Habló con claridad y confianza, animando a la mujer en labor de parto, manteniéndose atenta y profesional en todo momento. Su voz infundía confianza, ayudando a manejar el dolor, a soportarlo todo. Las mujeres que daban a luz en este hospital de maternidad se consideraban afortunadas de estar bajo el cuidado de la Dra. Gibbs.
Era como una madre para ellas, su experiencia y manos gentiles habían ayudado a muchos niños a ver este mundo. La Dra. Gibbs había estado trabajando en este hospital de maternidad durante más de veinte años, desde que regresó de la ciudad para trabajar como partera. No necesitaba insignias ni medallas. Simplemente hacía bien su trabajo, ganándose solo buenas críticas. Pero la propia Bárbara había soportado un destino difícil que pocas personas conocían.

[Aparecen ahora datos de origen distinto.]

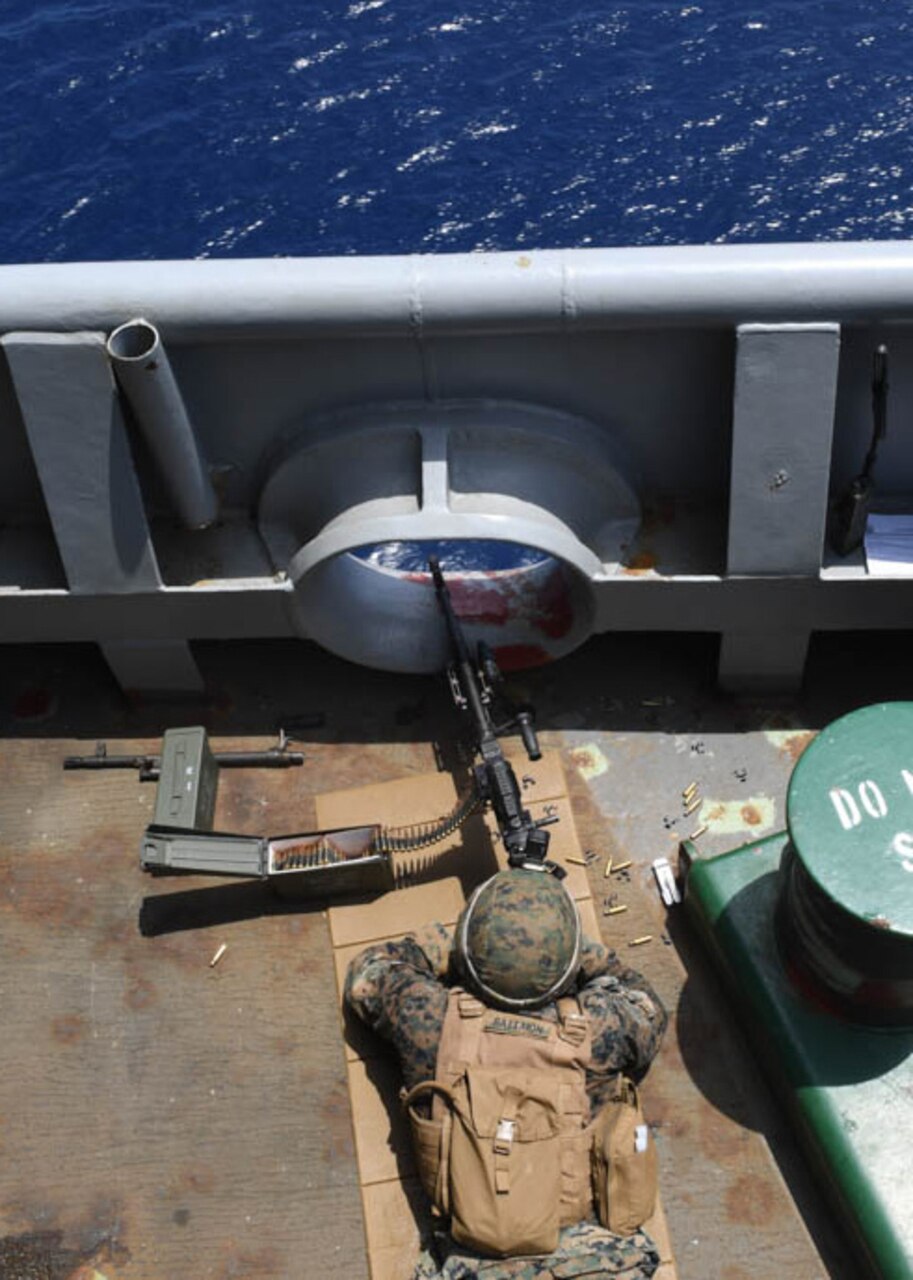 SOUTH CHINA SEA (Sept 27, 2018) Lance Cpl. Michael Battion, assigned to the 31st Marine Expeditionary Unit (MEU), Battalion Landing Team, 2nd Battalion, 5th Marines, shoots a M240B machine gun as another Marine observes during a Defense of the Amphibious Task Force (DATF) drill aboard the amphibious assault ship USS Wasp (LHD 1). As part of the DATF, the Wasp Amphibious Ready Group (ARG), 31st Marine Expeditionary Unit (MEU) team, assumed a security posture, to simulate traveling through potentially dangerous waters. Wasp, flagship of the Wasp ARG, with embarked 31st MEU, is operating in the Indo-Pacific region to enhance interoperability with partners and serve as a ready-response force for any type of contingency.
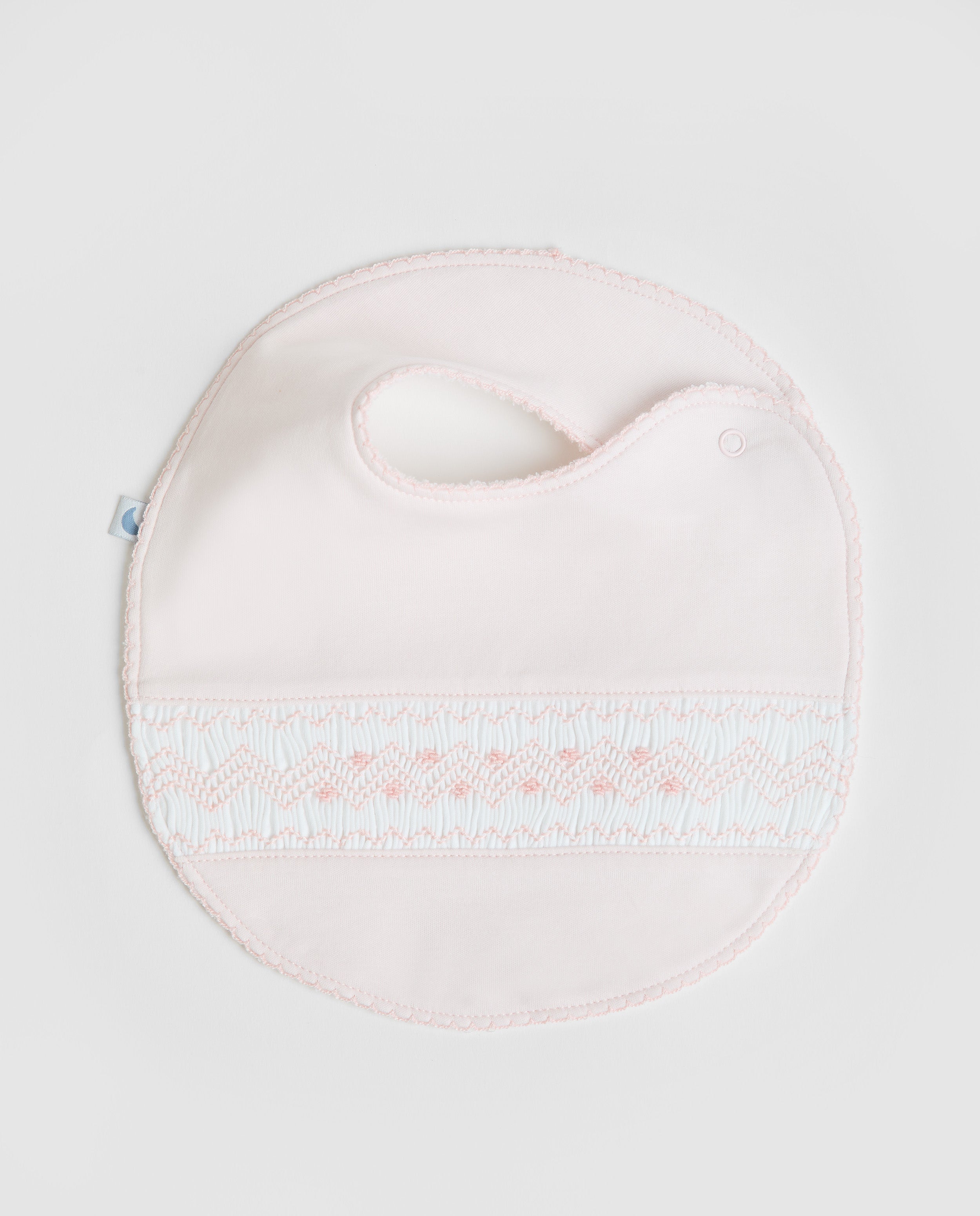 Bavoir rose à smocks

Treinta años atrás, después de graduarse de la escuela de medicina, Bárbara consiguió un trabajo en un hospital de maternidad de la ciudad. Pronto se casó. Su hija, Mía, nació, y Bárbara fue inmensamente feliz. El esposo de Bárbara, Ricardo, estaba desarrollando un negocio serio en ese momento. Aunque fue un período difícil, estaba teniendo éxito. La familia vivía bien, sin carecer de nada. Pero el dinero, como dicen, corrompe a la gente. Pronto, el Ricardo, que una vez fue cariñoso y atento, cambió de forma irreconocible. Se volvió grosero con Bárbara, le levantaba la mano y a menudo no volvía a casa por las noches. Un día, Bárbara lo vio abrazando a una llamativa rubia. Caminaban por la ciudad, besándose. Incluso al notar a Bárbara, Ricardo no mostró vergüenza, simplemente sonrió con desdén y dijo: “¿Qué miras? Ve a casa, cuida a nuestra hija”. Bárbara ni siquiera pudo reunir la fuerza para armar una escena allí en la calle, su cuerpo se puso rígido por el dolor, las lágrimas inundaron sus ojos.